TASK BRIEF ::
As the answer, return precisely the lines from the one containing "Snapshot of maty_hard" to the final line of the material below, inclusive, and omit every picture.

DATASET SECTION ::
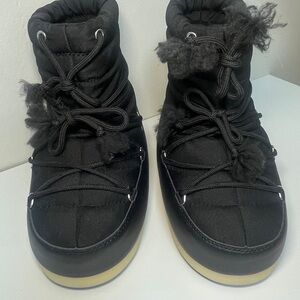 Moon Boot Black Winter Boots size 35-36.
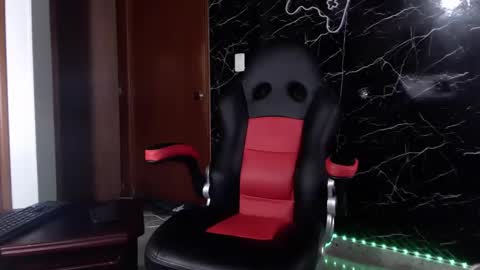 Snapshot of maty_hard chatting on January 22, 2025, 10:07 am Matias online show from January 22, 2025, 10:07 am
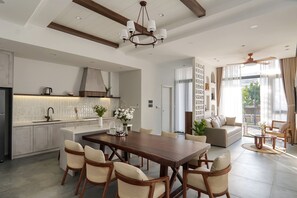 디럭스 빌라, 침실 4개, 골프장 전망 | 전용 주방 | 대용량 냉장고, 전자레인지, 쿡탑, 밥솥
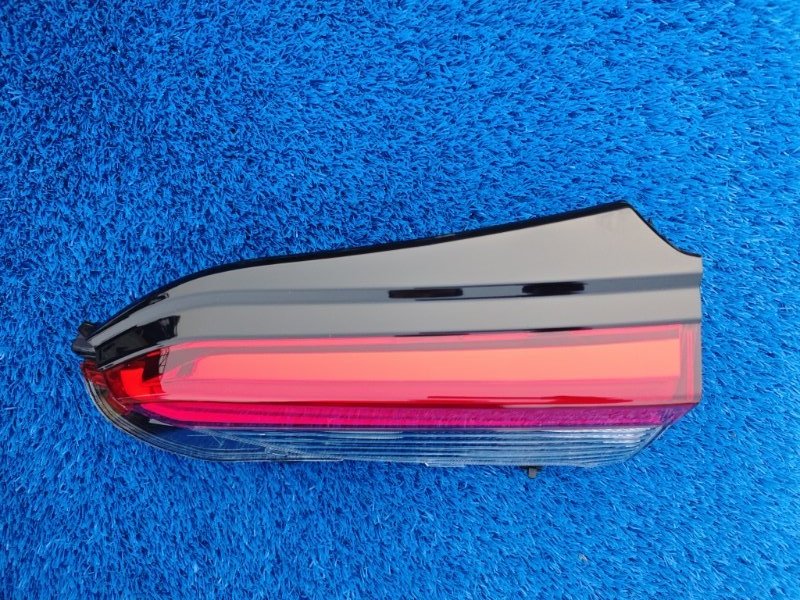 Стоп вставка задний правый Toyota Rav4 50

RESPONSE BOX ::
 Snapshot of maty_hard chatting on January 22, 2025, 10:07 am Matias online show from January 22, 2025, 10:07 am
 디럭스 빌라, 침실 4개, 골프장 전망 | 전용 주방 | 대용량 냉장고, 전자레인지, 쿡탑, 밥솥
 Стоп вставка задний правый Toyota Rav4 50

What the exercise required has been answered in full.